Data stream clustering refers to the clustering of data that arrives continually such as financial transactions, multimedia data, or telephonic records. It is usually studied as a “Streaming Algorithm.” The purpose of Data Stream Clustering is to contract a good clustering stream using a small amount of time and memory.
Technically, Clustering is the act of grouping elements using sets. The main purpose of this type of separation is to unite items that are similar to each other, using the comparison of a series of characteristics of these. When we talk about Data Stream, we can separate its methods into five categories, namely partitioning, hierarchical, density-based, grid-based and model-based, which will be detailed in the course of the article.
There is one more factor to take into account when talking about clusters. It is possible to divide the possible distances in four, being the minimum (or single connection), maximum (or complete connection), mean distance and the average, and each one has its characteristics regarding the cost of implementation and computational power, being that the minimum distance and mean distance are more common to use in Data Stream Clustering.
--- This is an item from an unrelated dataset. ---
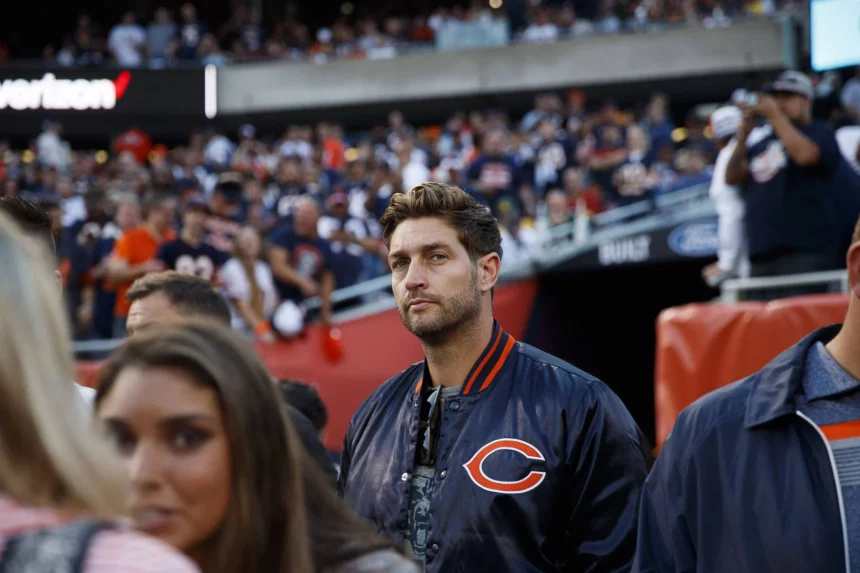 Jay Cutler in einer Jacke der Chicago Bears steht auf dem Football-Feld und blickt direkt in die Kamera, während hinter ihm Massen von Fans - einige mit Jay-Cutler-Trikots - das lebhafte Stadion füllen. Die Szene sprüht vor Energie und Bears-Stolz. Diese Beschreibung wurde mit der FootballR KI automatisch generiert.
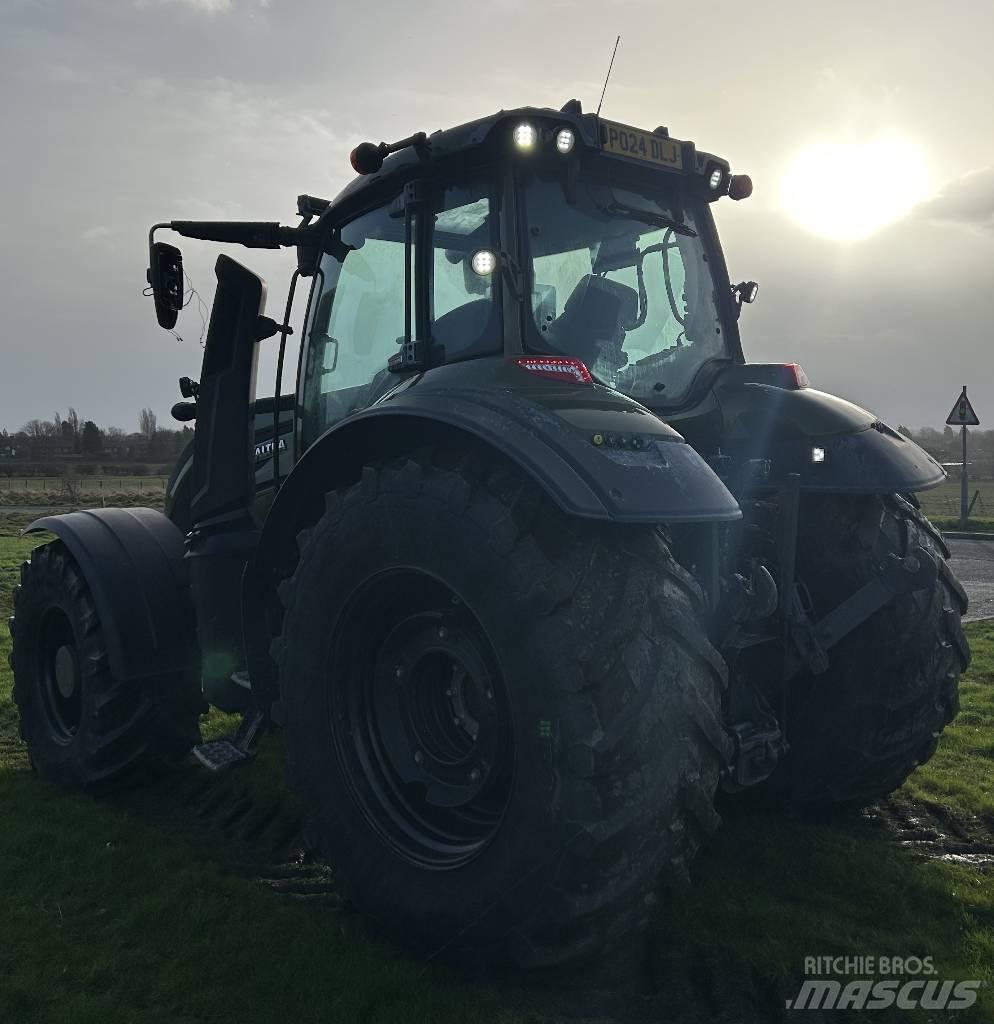 Valtra T235 Traktory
Similar to traditional data clustering, data stream clustering methods can be classified into five categories that are listed below:
This type of partitioning has the main characteristic of grouping data into a fixed number, previously defined, of clusters, using an iterative method to assign data from one group to another. It is important to note that the STREAM can execute clusters using limited time and memory, this method is intrinsically related to the k factor, which deals with the number of clusters defined at the beginning. Its use is specific to discover spherical clusters, that is, where the idea is to set the centre of each cluster such that it makes both uniform and minimal the angle between components.
Hierarchical methods have the objective of grouping a set of data through the use of a hierarchical tree of clusters, which can be defined as divisive or agglomerative. Some of the most famous hierarchical algorithms are BIRCH, CURE, ROCK and CHAMELEON hierarchical algorithm.
This type of method results in a set of clusters, where all are distinct from each other, while within each cluster, the objects contained are similar.
This type of method performs a survey to identify the density profile of the data to be grouped. Therefore, we take clusters as the regions with a high volume of described objects, being separated by regions where there is little or no data represented. One of the advantages of this type of method is that it allows us to find clusters that have an arbitrary format, without having to make a predefined number of clusters. The example of these methods includes DBSCAN, ÓPTICA and PreDeCon.
This type of clustering approach differs a lot from the traditional ones since it is not concerned with the data points themselves, but with the value space that surrounds it, which can be described through five basic steps, namely: the creation of the grid structure, by choosing a finite number of cells for it, calculating the cell density for each of the cells, classifying them according to the density of each one, identifying, from there, cluster centers and checking the cross-section of neighbouring cells. We can take as an example of this type of method the DENCLUE, which uses a grid of fixed size of the grid, the STRING and the WaveCluster.
This type of clustering method aims to optimize the relationship between the data and some statistical models. We can divide the present methods into smooth clustering and neural networks. Some examples of model-based methods are Expectation-Maximization (EM) and SWEM, the latter being based on EM using a sliding analysis window. It is important to point out that, whenever we talk about this type of grouping method, the first things that come to mind are the artificial intelligence and not without reason, after all, they are the most used in this branch of computing.